= PROVIDED INFORMATION =
---*---

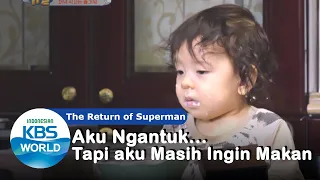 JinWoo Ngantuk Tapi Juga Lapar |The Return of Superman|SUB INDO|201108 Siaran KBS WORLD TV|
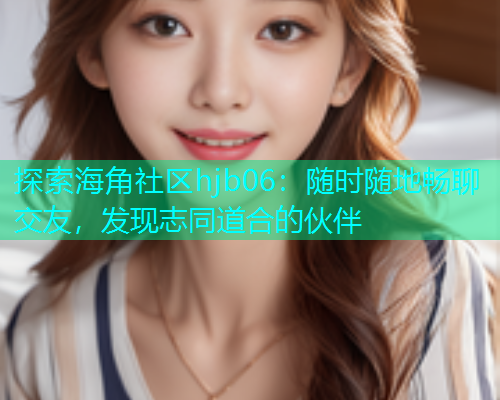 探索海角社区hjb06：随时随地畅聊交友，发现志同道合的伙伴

---*---

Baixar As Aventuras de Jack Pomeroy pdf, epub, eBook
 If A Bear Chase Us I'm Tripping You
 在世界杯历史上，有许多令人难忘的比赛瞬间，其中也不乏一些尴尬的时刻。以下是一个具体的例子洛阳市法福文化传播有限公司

---*---

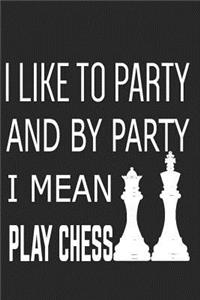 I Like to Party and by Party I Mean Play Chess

---*---

= PROBLEM =
Everything above from the line that has "JinWoo Ngantuk Tapi" down to the line that has "探索海角社区hjb06：随时随地畅聊交友，发现志同道合的伙伴" should be output exactly, with both of those lines included. Leave the pictures behind.

= PROBLEM SOLUTION =
 JinWoo Ngantuk Tapi Juga Lapar |The Return of Superman|SUB INDO|201108 Siaran KBS WORLD TV|
 探索海角社区hjb06：随时随地畅聊交友，发现志同道合的伙伴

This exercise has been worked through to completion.